Data block:
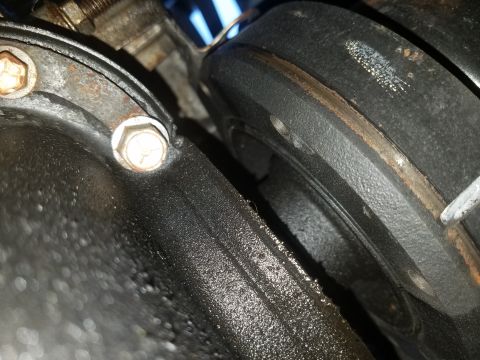 1994 Ford Bronco - Photograph of an oily engine part with a bolt, not a technical document.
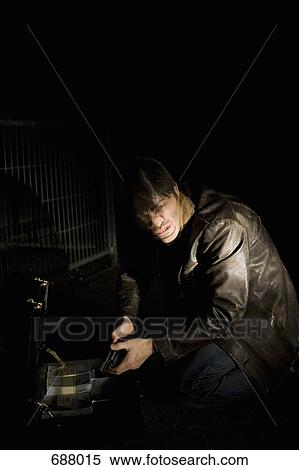 A man with a nylon over his face holding a gun with a briefcase full of money View Large Photo Image Stock Photography - A man with a nylon over his face holding a gun with a briefcase full of money. Fotosearch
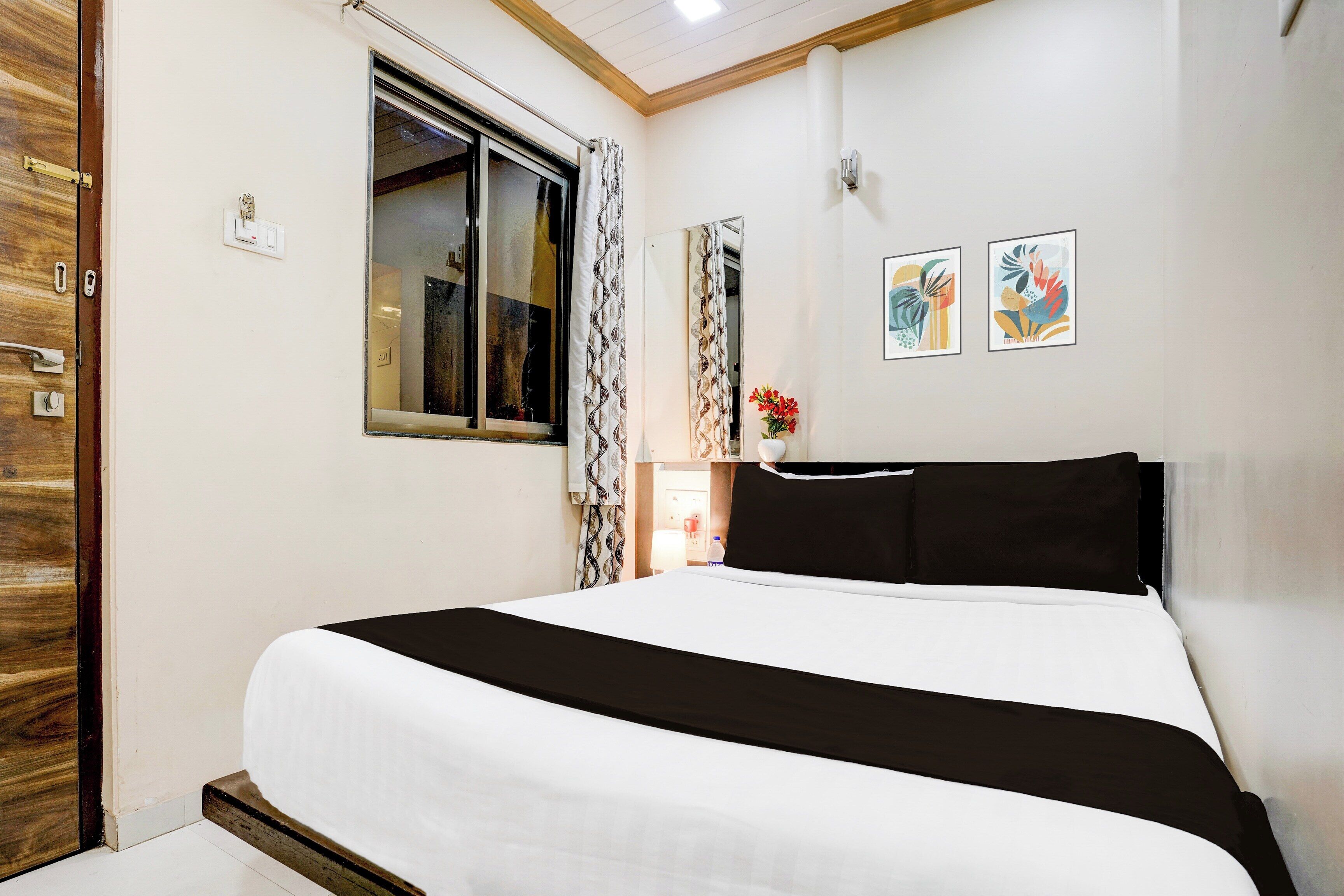Habitación de hotel con cama, ventana, puerta y dos obras de arte colgadas en las paredes.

What to produce: The answer should consist only of the lines from the line with "of money. Fotosearch" through the last line of the data, repeated exactly; pictures stay out.

Answer for the task:
 A man with a nylon over his face holding a gun with a briefcase full of money View Large Photo Image Stock Photography - A man with a nylon over his face holding a gun with a briefcase full of money. Fotosearch
Habitación de hotel con cama, ventana, puerta y dos obras de arte colgadas en las paredes.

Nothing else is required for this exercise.